ACTIVITY
Return each line of the data below verbatim; pictures are to be left out.

═════ RAW DATA

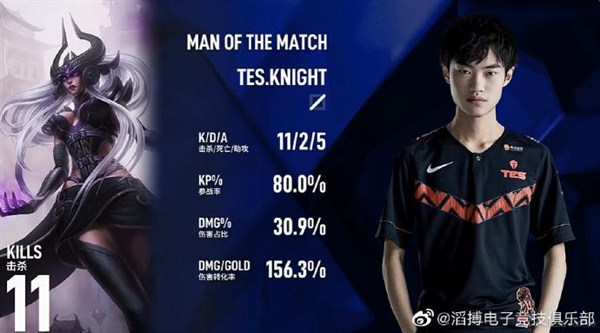 知名电竞选手uzi,uzi网吧视频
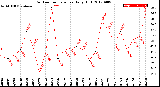 Milwaukee Weather Outdoor Temperature<br>Daily High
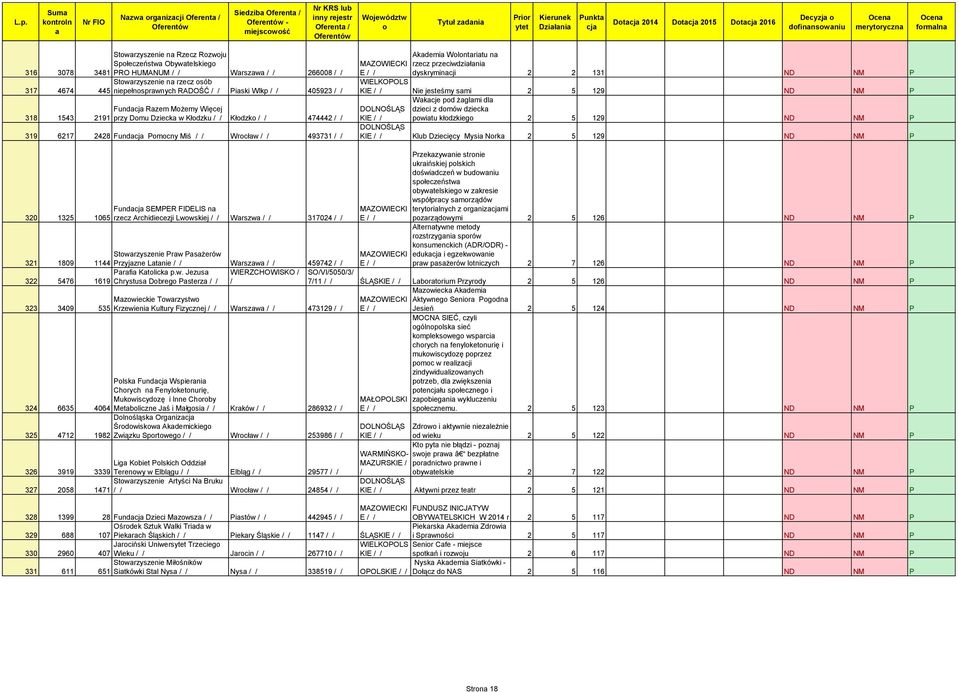 Fund Pmcny Miś Wrcłw 493731 Akdemi Wlntritu n rzecz przeciwdziłni E dyskrymincji 2 2 131 ND NM P KIE Nie jesteśmy smi 2 5 129 ND NM P Wkcje pd żglmi dl dzieci z dmów dzieck KIE pwitu kłdzkieg 2 5 129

══════════

EXPECTED OUTPUT
 知名电竞选手uzi,uzi网吧视频
 Milwaukee Weather Outdoor Temperature<br>Daily High
 Fund Pmcny Miś Wrcłw 493731 Akdemi Wlntritu n rzecz przeciwdziłni E dyskrymincji 2 2 131 ND NM P KIE Nie jesteśmy smi 2 5 129 ND NM P Wkcje pd żglmi dl dzieci z dmów dzieck KIE pwitu kłdzkieg 2 5 129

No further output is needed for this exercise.